Handling missing values

Imputation of missing values

 
#clear the R environment
rm(list = ls())
#load the MissForest R library to impute the dataset
library(missForest)
#read data for imputation 
cleaned_data = read.csv("cleaned_raw_data.csv")
#remove some unused variables 
mydata = cleaned_data[,2:6,8:10]
#log and logit transformations when needed
mydata[,c(1:2)] = log(mydata[,1:2])
mydata[,c(3:5)] =log(mydata[,c(3:5)]/(1-mydata[,c(3:5)]))
#impute missing values
mydata.imp <- missForest(mydata)$ximp

In order to impute the remaining missing values ​​of the dataset, the missForest R package was used (see MissForest —non-parametric missing value imputation for mixed-type data). It is a machine learning method based on the Random Forest algorithm, which can briefly be described as a bunch of “decision trees” bundled together.

Random Forest can be explained with the following simple example: let us consider we have a sample of people whose gender is unknown to us (missing value) and that we wish to predict it based on their height and weight data, which we already have. We construct a “decision tree” with two “nodes” for this simple working hypothesis: The first node consists of a question regarding the height of each person and, if the height is greater than 1.80 m, the person is classified as “man”. Conversely, if the person’s height is less than 1.80 m, we move on to the second node – which is made up of a question about the weight of the person – in order to decide: if the person weighs less than 70 kg, they are classified as “woman”. In more complicated examples, the number of nodes is increased and a large number of decision trees can be combined in order to make the desired prediction.

In the case of missing values, we essentially end up with estimated values, with which the missing ones are replaced, training the algorithm by feeding it available data. In this dataset, on which the statistical analysis for the specific story is based, we have included a common list of characteristics for each player (ranking positions, prize rewards, “backhand”, favorite surface, age turned professional, etc.). Each characteristic is a variable, i.e. a column in the dataset.

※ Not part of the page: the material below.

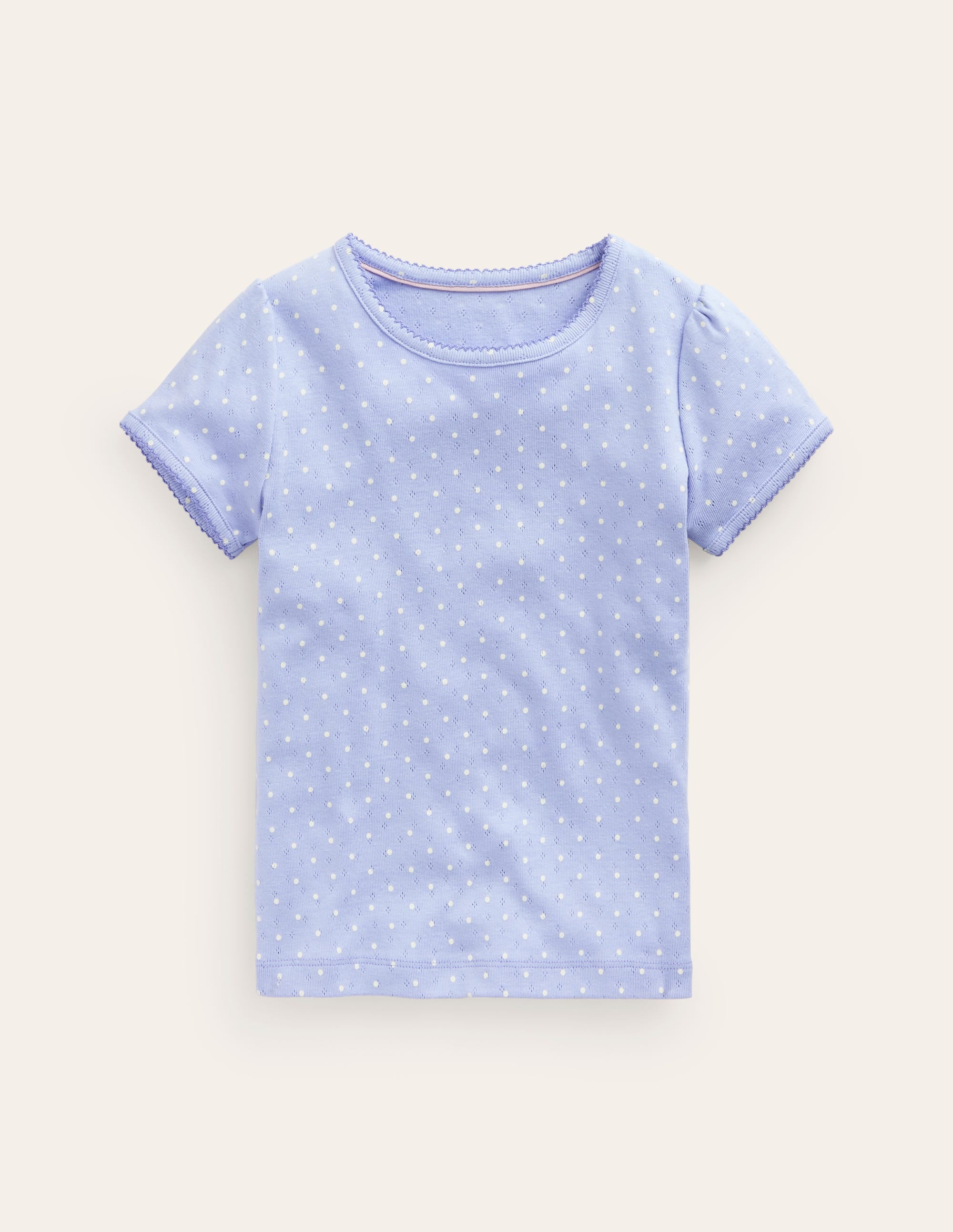 Kurzärmeliges Pointelle-Oberteil-Etoile Blau Punkte - Image 1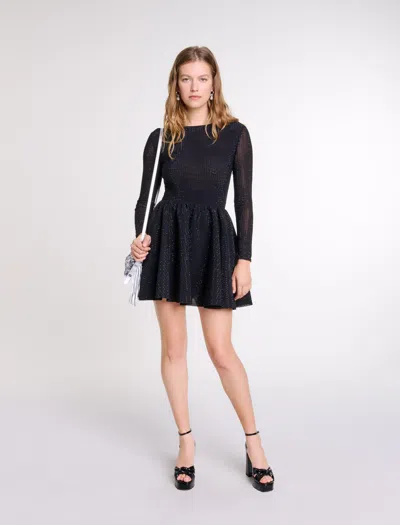 Maje Rhinestone Maxi Dress In Black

Let us assume we lack data on a player’s prize money. We have:

  • missing values ​​for prize money received by player a
  • available values ​​for other characteristics of player a
  • υφιστάμενες τιμές για κάποια από τα χαρακτηριστικά της λίστας, στην περίπτωση άλλων αθλητών 
  • missing values ​​for other characteristics on the list, in the case of other players

We classify the characteristics of players (variables), based on the number of missing values ​​occurring in their dataset in ascending order – starting with the player with the most complete dataset and finishing with the one with the most incomplete one.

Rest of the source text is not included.